TASK OBJECTIVE: Lift out, unaltered, the lines of the material below between the line holding "If you liked" and the line holding "To do this, turn", counting both.

RECORDS FOR THE EXERCISE:
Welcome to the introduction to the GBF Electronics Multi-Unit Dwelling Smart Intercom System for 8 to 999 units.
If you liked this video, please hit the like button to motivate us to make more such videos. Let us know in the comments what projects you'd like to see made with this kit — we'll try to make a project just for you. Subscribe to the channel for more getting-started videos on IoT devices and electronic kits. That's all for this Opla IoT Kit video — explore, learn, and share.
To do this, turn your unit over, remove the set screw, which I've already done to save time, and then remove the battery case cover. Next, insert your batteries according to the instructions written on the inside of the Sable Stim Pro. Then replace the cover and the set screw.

==

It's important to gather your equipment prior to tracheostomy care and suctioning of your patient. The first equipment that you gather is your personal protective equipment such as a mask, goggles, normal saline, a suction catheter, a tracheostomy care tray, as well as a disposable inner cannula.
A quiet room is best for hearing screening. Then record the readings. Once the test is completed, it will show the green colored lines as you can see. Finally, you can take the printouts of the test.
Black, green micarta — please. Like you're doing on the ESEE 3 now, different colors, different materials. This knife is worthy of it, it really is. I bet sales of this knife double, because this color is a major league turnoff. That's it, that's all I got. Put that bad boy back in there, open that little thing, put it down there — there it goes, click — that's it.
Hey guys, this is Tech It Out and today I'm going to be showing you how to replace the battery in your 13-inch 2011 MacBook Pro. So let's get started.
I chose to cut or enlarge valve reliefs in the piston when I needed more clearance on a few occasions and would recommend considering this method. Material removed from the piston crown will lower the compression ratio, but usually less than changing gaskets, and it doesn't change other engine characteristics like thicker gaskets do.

SOLUTION FOR THIS EXERCISE:
If you liked this video, please hit the like button to motivate us to make more such videos. Let us know in the comments what projects you'd like to see made with this kit — we'll try to make a project just for you. Subscribe to the channel for more getting-started videos on IoT devices and electronic kits. That's all for this Opla IoT Kit video — explore, learn, and share.
To do this, turn your unit over, remove the set screw, which I've already done to save time, and then remove the battery case cover. Next, insert your batteries according to the instructions written on the inside of the Sable Stim Pro. Then replace the cover and the set screw.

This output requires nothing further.